AMSAL KEBEDE, PRO SE PLAINTIFF,
v.
LARRY JOHNSON, DEFENDANT.



The opinion of the court was delivered by: Dora L. Irizarry, U.S. District Judge

MEMORANDUM & ORDER

Pro se plaintiff, Amsal Kebede, brings this action against defendants, New Look Enterprises, Inc. and Julio Maldonado, asserting fraud, fraud in the inducement, conspiracy to commit fraud, and breach of covenant of fair dealing and good faith.*fn1 Plaintiff further asserts claims of malpractice and conspiracy to commit fraud against defendant, Larry Johnson. Defendant Johnson now moves for summary judgment dismissing plaintiff's fraud and malpractice claims. For the following reasons, defendant's motion is granted in its entirety.

Facts

Construed in the light most favorable to plaintiff, the facts, which are largely undisputed, are as follows:

On January 10, 2002, Plaintiff, an experienced businessman, entered into a "Purchase and Sales Agreement" ("Purchase Agreement") for the purchase of a business located at 175 Targee Street, Staten Island, New York, (the "Business") from Seller/Defendant, New Look Enterprises, Inc. ("New Look"). The Business consists of a convenience store, gas station, and carwash.

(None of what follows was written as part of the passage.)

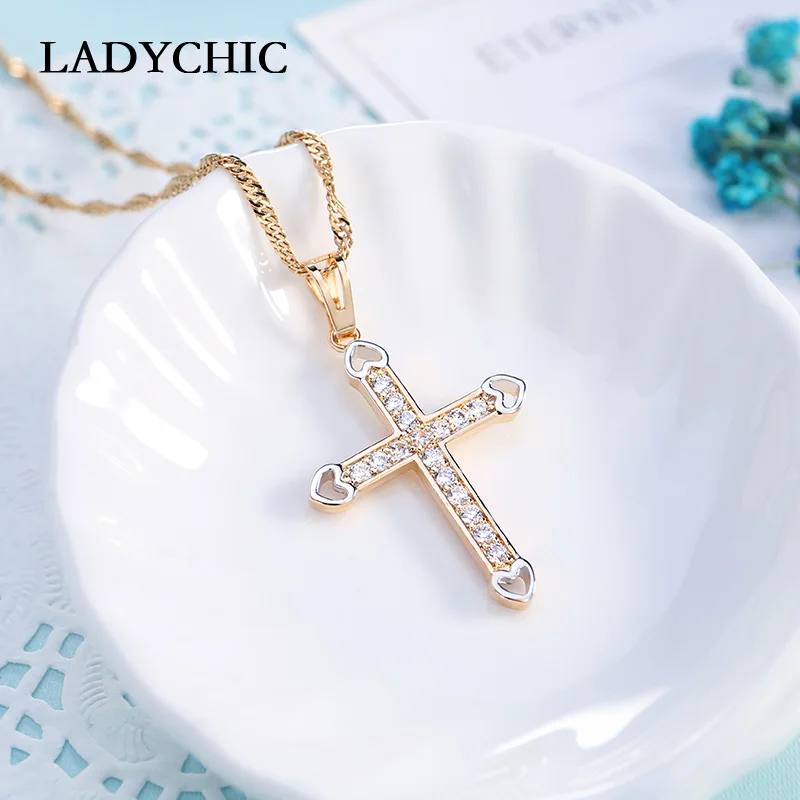 LADYCHIC AAA качественный Цирконий Крест Подвеска медный материал Bling CZ Кристалл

Plaintiff retained Defendant Johnson to represent him in the purchase of the Business. Johnson is an attorney admitted to practice law in New York state. (Johnson Aff. at ¶ 5.) Johnson opened his own law office in June 2001, after spending two years in the corporate department of the law firm of Akin Gump Strauss Hauer Feld LLP, working on "private equity transactions and due diligence searches for major mergers and acquisitions." (Id.)

In December 2001, plaintiff learned of the Business sale through a newspaper advertisement and contacted New Look's broker, Julio Maldonado ("Maldonado"). (See Pl.'s Aff. at 1-2.) Shortly thereafter, plaintiff was furnished with a "Business Profile," met the principals of New Look, and visited the Business location on six separate occasions prior to closing. (See Pl.'s Aff. at 2; Pl.'s Dep. at 60-63.)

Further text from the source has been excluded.